Martin Pool mbp at samba.org
Thu Nov 29 23:42:03 GMT 2001


On 27 Nov 2001, "John E. Malmberg" <wb8tyw at qsl.net> wrote:

> An optimizing C compiler, especially on a RISC platform has intimate 
> knowledge of the standard library routines, and will attempt to 
> eliminate procedure calls where ever possible.  If you are supplying 
> your own routines, their definition can not exist in a header file that 
> is #included for the module.  That breaks things.

Almost every compiler that plays this kind of trick has a command-line
option that disables them.  For example, on gcc it is -fno-builtin.
So perhaps you just need to set that, or better yet contribute a
configure.in test that detects the problem and sets it into CFLAGS.
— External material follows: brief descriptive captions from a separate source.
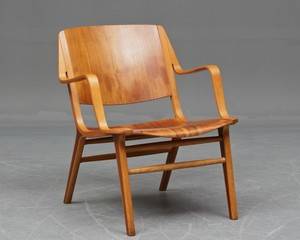 Peter Hvidt  Orla Mølgaard Nielsen. Ax-stol m. armlæn   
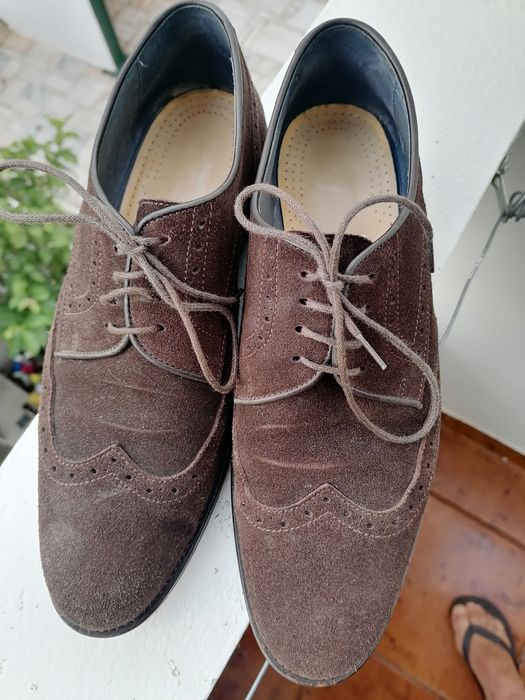Sapatos de camurça castanhos, marca Decénio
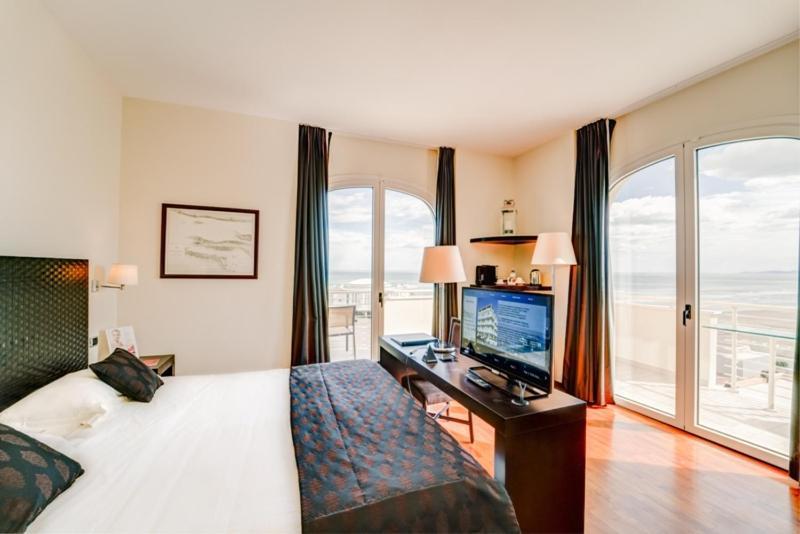 Terrazza Marconi Hotel&Spamarine Сенигаллия Экстерьер фото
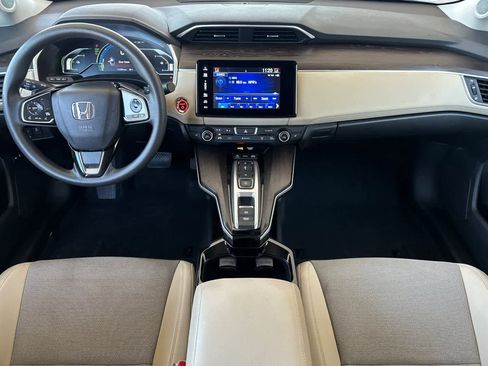 Used 2018 Honda Clarity Plug-In Hybrid image 3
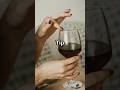 How to hold a cup like pro#HowToHoldACup  #LifeHacks#LearnSomethingNew#DailyLifeHacks#howtoguide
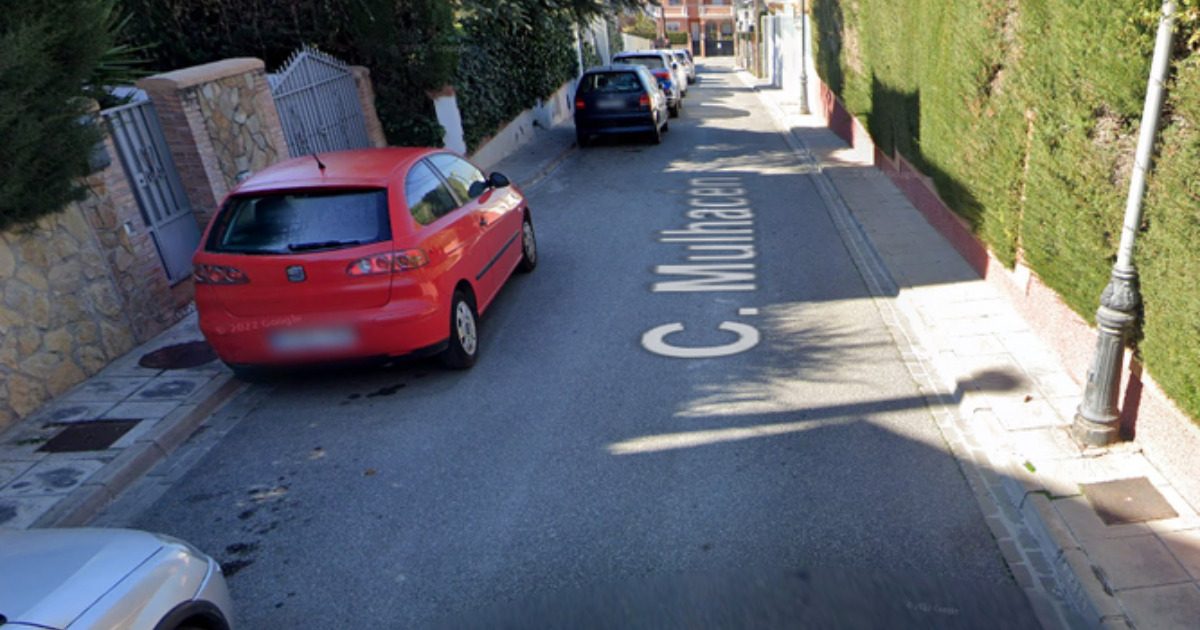 Calle Mulhacén donde ha ocurrido el accidente.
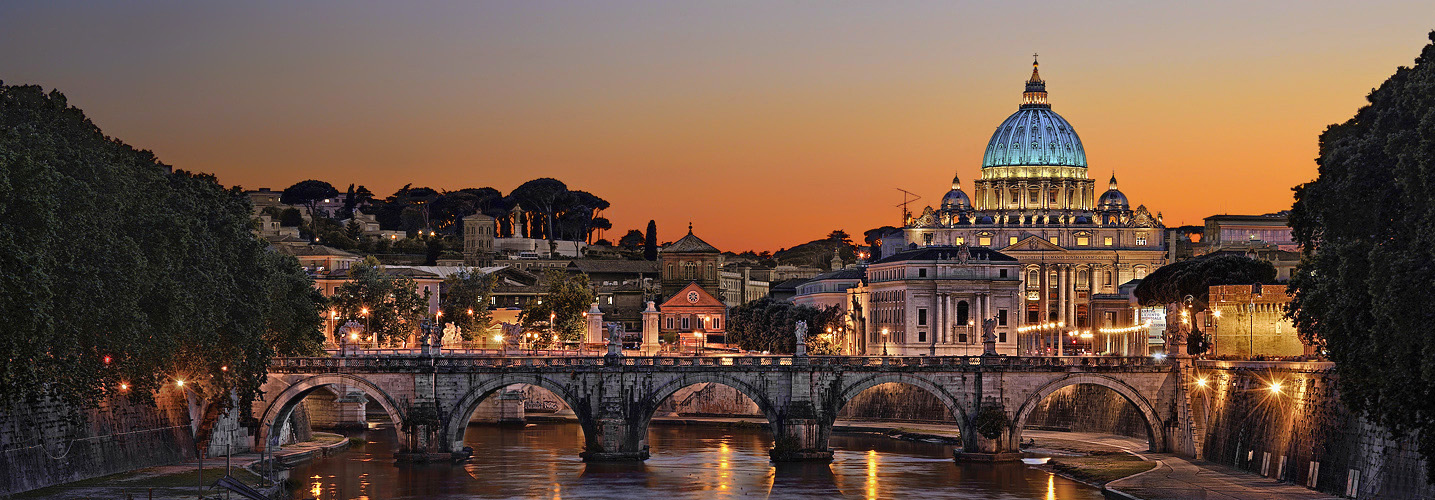 Blick über den Tiber zum Petersdom, Rom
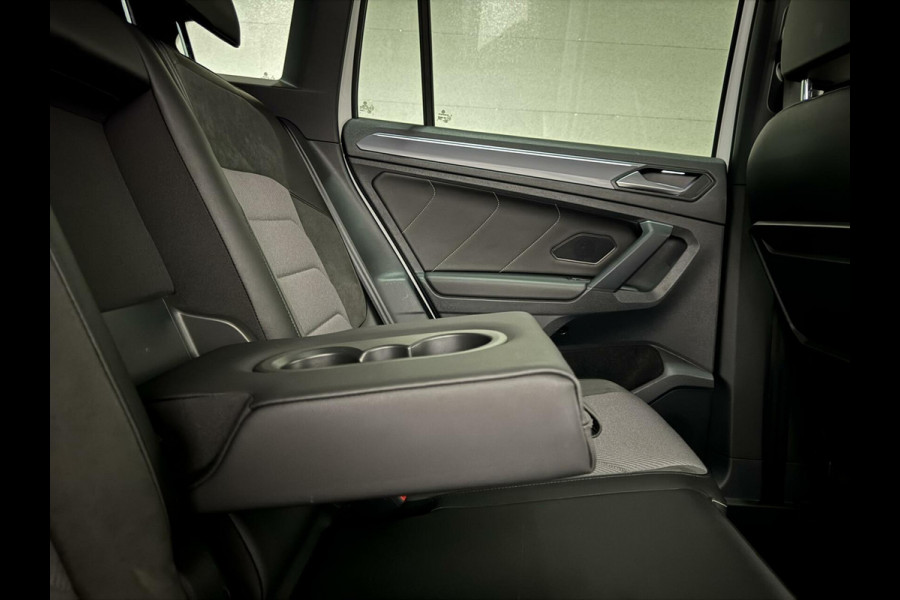 Volkswagen Tiguan 1.5 TSI R-Line Black Edition Pano Virtual Carplay NAP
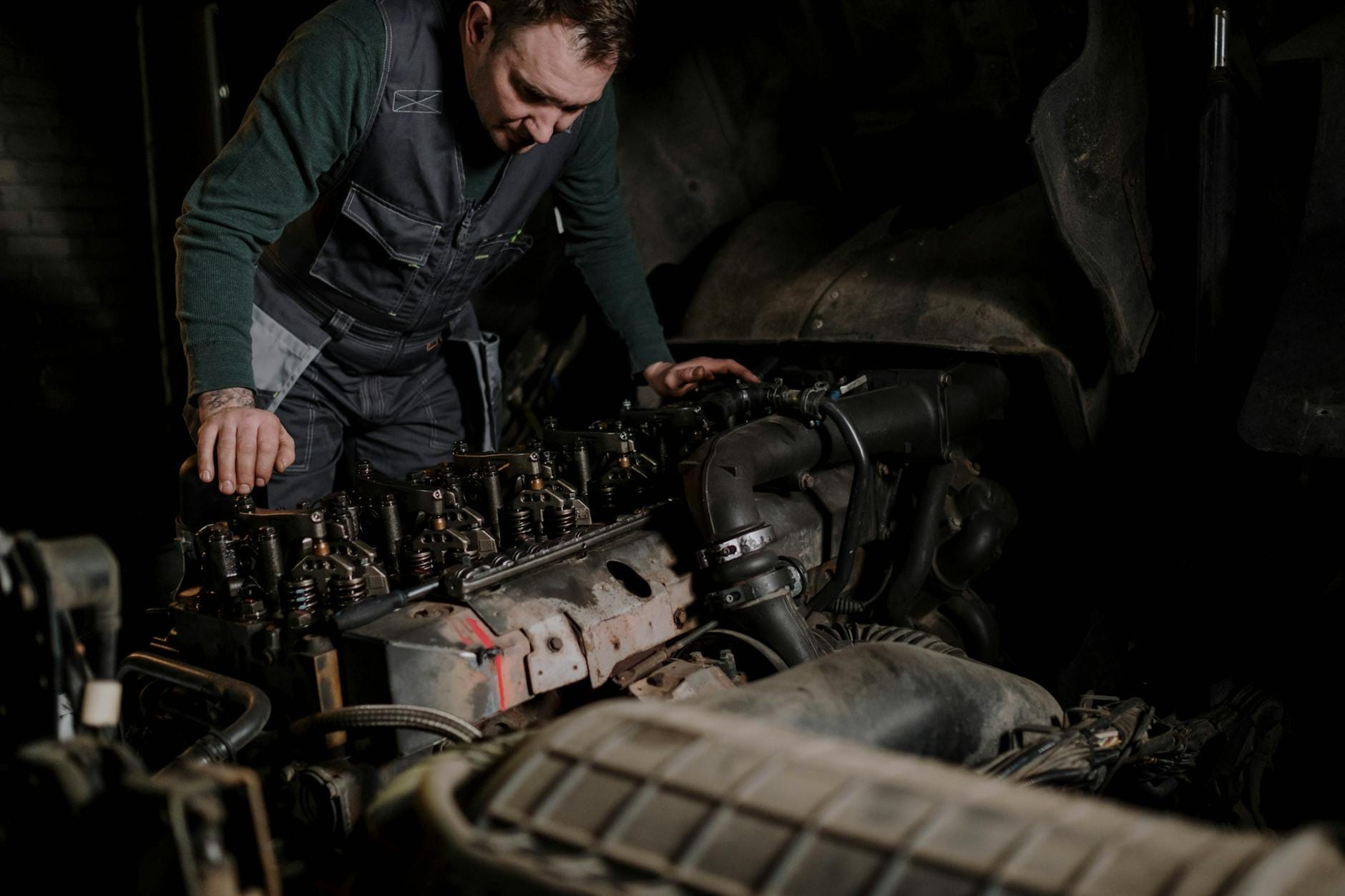 Mechanik pracuje przy silniku Mercedesa w warsztacie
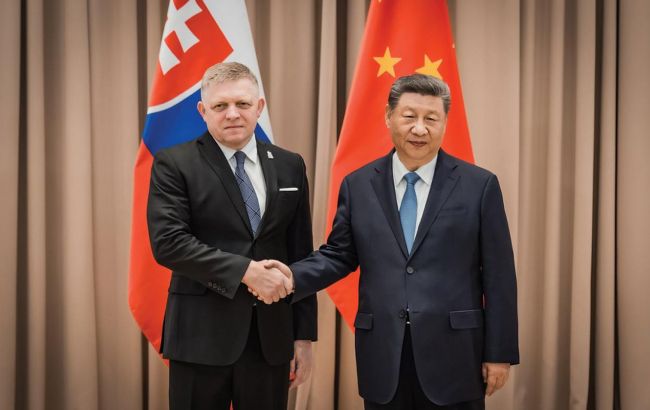 Сі Цзіньпін доручив Фіцо просувати китайські інтереси в Євросоюзі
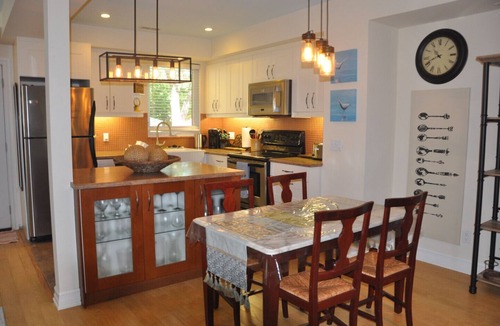 The Beaches House | Beach Vibe! Toronto Beaches 4bdrm Home w Parking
On the other hand, if the compiler's so good then I'd hope that the
sprintf() is properly compliant with the ANSI C99 standard.  The test
for that in ./configure on samba_2_2 is currently

#include <sys/types.h>
#include <stdarg.h>
void foo(const char *format, ...) { 
       va_list ap;
       int len;
       char buf[5];

       va_start(ap, format);
       len = vsnprintf(0, 0, format, ap);
       va_end(ap);
       if (len != 5) exit(1);

       if (snprintf(buf, 3, "hello") != 5 || strcmp(buf, "he") != 0) exit(1);

       exit(0);
}
main() { foo("hello"); }

It would be interesting to see the result of this on your compiler.

Also, if there is something in <stdio.h> that invokes the magic
behaviour, then perhaps you should try adding it to the test code in
configure.in.  

However if the intrinsic version works and the library version is
broken then we have a nasty situation, because I think the compiler
will sometimes fall back to a library call for complex cases.  So then
we come back to needing the equivalent of -fno-builtin.